Stanley Richards, New York City’s newly appointed Department of Correction commissioner, testified at a recent City Council hearing that Rikers Island was under acute strain and badly in need of an overhaul. In addition to the decaying physical structure, Richards highlighted a decrease in correction officer staffing levels such that people inside do not feel safe.
Rather than adopt the kneejerk suggestion of adding more COs, Richards noted that recruitment alone will not solve the crisis. Instead, he advocated shrinking the jail population, recognizing that if there are too few COs to supervise the jail population, then it is necessary to think about releasing people who present no threat to public safety.
Richards knows what he is talking about. As someone who was formerly incarcerated, he has firsthand knowledge that there are many people on Rikers who need not be there.
The state Department of Corrections is in strikingly similar dire straits with dilapidated prisons and a decreasing number of COs.

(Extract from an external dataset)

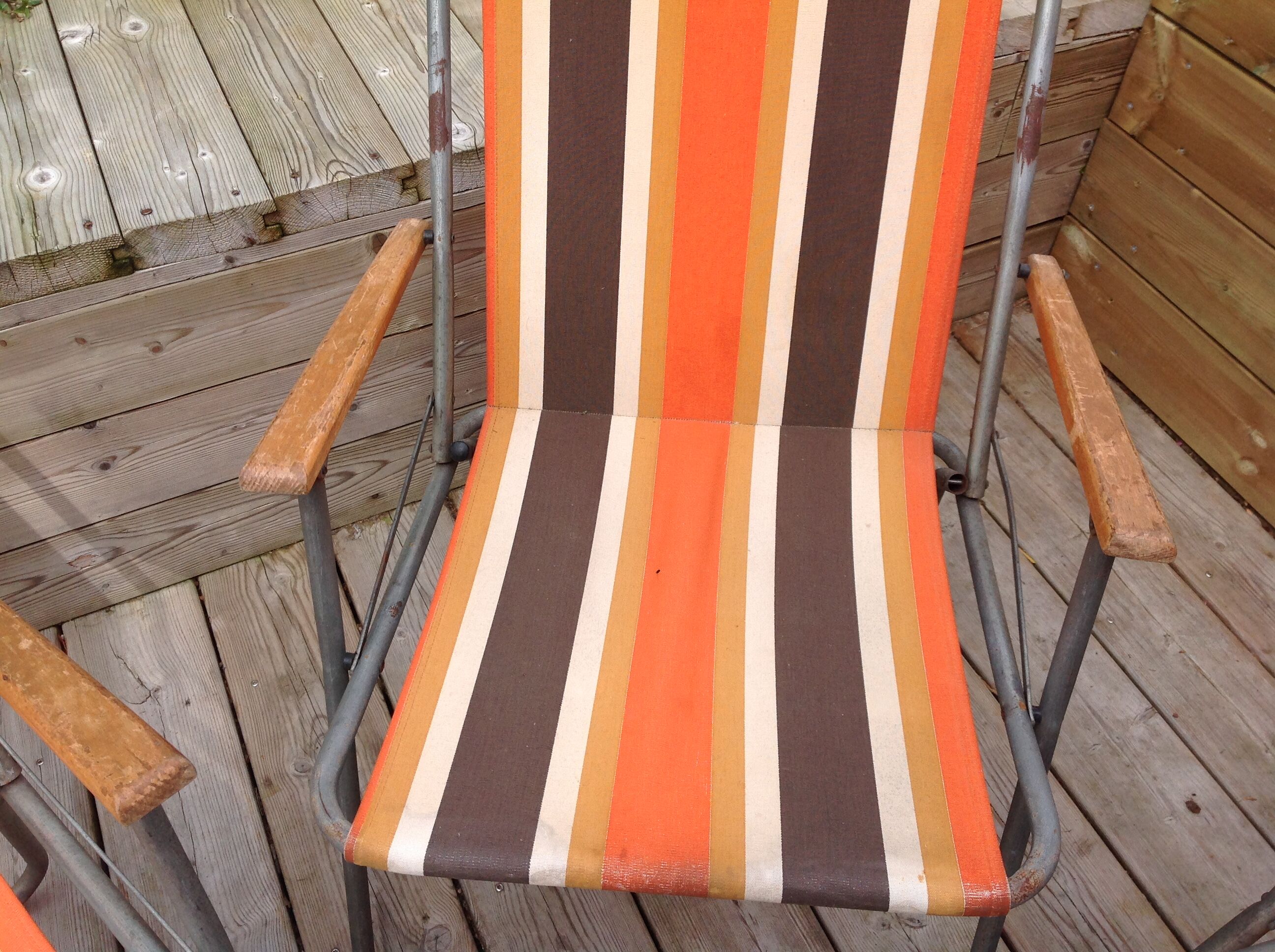 4 vintage camping armchairs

Rikers Island, which opened in 1935, is young compared to several of New York State’s prisons like Auburn (1818) or Clinton Dannemora (1845). Even Attica (1931) predates Rikers. These antiquated institutions barely provide heat in the winter and cannot cool down in the summer.
In February 2025, thousands of state COs engaged in an illegal strike that lasted 22 days. In the aftermath, there are about 4,800 fewer COs in the state’s 42 prisons.
The governor’s response to the strike was to send 3,000 National Guardsmen, none of whom received any training about working in a prison, at a cost of $700 million. Many Guardsmen remain in prisons at a cost of another $535 million. The governor proposed other ill-advised and dangerous solutions, including reducing the age requirement for COs from 21 to 18, but the crisis persists, and staffing levels are well below previous years.
In the meantime, visits have been reduced from seven days a week to just two days at most of the state’s maximum security prisons as officials claim there are not enough staff members to supervise the visits. Legal visits and phone calls have also been reduced as prison administrators claim they lack staff to escort people to the visits or the phone calls.
Medical appointments, educational classes, and myriad programs have been curtailed or shut down and people spend fewer hours outside their cells. The inevitable result of this isolation is tension, frustration, and despair, heightened by the specter of the murders of Robert Brooks and Messiah Nantwi at the hands of COs.
The governor should take a page from Richards and the commonsense solution of responsibly reducing the prison population. With 33,000 people in prison, it is inconceivable that there are not thousands who could be safely returned to their families and communities.
Unlike people on Rikers Island who might have been there for a few weeks, there are people in state prisons who have been incarcerated for decades and have demonstrable evidence of profound rehabilitation; people who on any measure present no threat to public safety and have much to offer on the outside.
A solution to the staffing crisis is already teed up. The state Constitution explicitly gives the governor the power to grant clemency and commute prison sentences. There are more than 1,000 robust clemency applications pending in her office that have been vetted and analyzed by members of the governor’s clemency staff. Surely, among those applications are numerous people who could and should be released. All that is needed is some sensible leadership of the sort being put on display in New York City.
Zeidman is a professor at CUNY Law School and founder and co-director of the Second Look Project NY.